LOWVILLE — The journey to the north country of the Lewis County Mennonites is being brought to the silver screen thanks to the work of documentary filmmaker Dawson Grau.
After years of research and planning, Mr. Grau is ready to premiere his film, “Simple Servants: The Story of the Lewis County Mennonites.”
This 45-minute film documents the story of the Lewis County Mennonites’ journey to America and their settlement in Northern New York.
“It is very exciting. The last couple of months were very busy. I was really excited. I got the trailer out last week,” Mr. Grau said. “I am very excited to get people’s reactions, especially because there are so many people there who know the history so well, and it means a lot to them. To be able to bring it back to Lowville and show it for the first time there, in front of people who know the history well and the people who don’t, and kind of see their reactions, is a really exciting experience.”
Mr. Grau said the inspiration for the film came from his parents’ Mennonite and Amish heritage and its ties to Lewis County. As a child, he visited his grandparents and was fascinated by the culture.
“So over the years, I have kind of become a little bit of an amateur historian on it, and I just wanted to do something that would give me the chance to learn even more about the culture and the background and find a way to present this to other people who are not from the area and know everything already,” Mr. Grau said.
One of the major things Mr. Grau wanted to accomplish with the film was to find a way to make the history accessible to the younger generation and to people who were outside the Mennonite community.
“I really thought one of the big goals of this was to find a way that people could learn about the history and kind of understand that Mennonites are a similar group with other Protestant groups,” Mr. Grau said, “and find out how they became part of all the churches we know more about and then understand the difference and the uniqueness of the Mennonite community.”
The message Mr. Grau wants people to take away from the film is how similar the Mennonite story is to a lot of Americans’ stories.
“In a way it is a different culture, but a similar experience of coming to America for religious freedom and for opportunities,” he said. “They have a lot of similarities of wanting to survive, provide for their families and have opportunities.”
Mr. Grau’s hope is that audience members will feel more connected to the group and can imagine themselves as a part of the experience of coming to America with the same goals and dreams.

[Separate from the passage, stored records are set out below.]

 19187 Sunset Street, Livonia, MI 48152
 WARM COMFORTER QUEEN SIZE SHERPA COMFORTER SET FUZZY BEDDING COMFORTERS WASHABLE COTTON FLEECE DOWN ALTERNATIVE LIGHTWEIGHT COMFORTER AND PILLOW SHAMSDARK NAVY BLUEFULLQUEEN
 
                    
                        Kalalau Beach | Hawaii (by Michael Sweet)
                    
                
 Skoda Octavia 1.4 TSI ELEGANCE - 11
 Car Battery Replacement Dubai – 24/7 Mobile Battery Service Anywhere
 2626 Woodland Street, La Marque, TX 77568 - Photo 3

Mr. Grau said he began making the film about four years ago, working with the Adirondack Mennonite Heritage Association to raise funds. Mr. Grau combed through the historical archives of the association, the Lewis County Historical Society, churches and national sources. Once the research was complete, it took him about three to four months to produce the film.
Mr. Grau worked with professional narrator Jerry Reed, who used to do farm reports in the area and is connected to Lewis County as well.

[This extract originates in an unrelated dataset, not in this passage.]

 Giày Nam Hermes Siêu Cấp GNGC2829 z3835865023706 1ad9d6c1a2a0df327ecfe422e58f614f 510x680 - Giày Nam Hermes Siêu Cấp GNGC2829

“He was really great, because I think he had a good sense of the area and the culture,” Mr. Grau said. “He was really fantastic.”
Mr. Grau also worked with folk and classical improvisational pianist Jacqueline Schwab on the score for the film. He saw several Ken Burns documentaries for which Ms. Schwab had done music that he enjoyed.
The score for the film is hymn-based, and they spoke often about what hymns fit the periods in the film.
“To get someone of her stature to do the music was very exciting,” Mr. Grau said. “It was really fun to kind of get a chance to go through all this music and try to create a soundtrack or score that really embodied the Mennonite experience.”
The community is invited to see the premiere of the film at the Lowville Town Hall Theater from 6 to 8 p.m. Saturday. Those who attend not only will have a chance to ask Mr. Grau questions about the film, but will also be entertained with a concert by Ms. Schwab.
The event is sponsored by the Adirondack Mennonite Heritage Association and the Lewis County Historical Society.
Mr. Grau said the screening is free to the public, and he would like to see everyone in Lewis County attend. For those who are unable to attend the film, it will be available online in September.
Mr. Grau said the association is looking at options of additional screenings in Northern New York, and there is a section of the website to book screenings.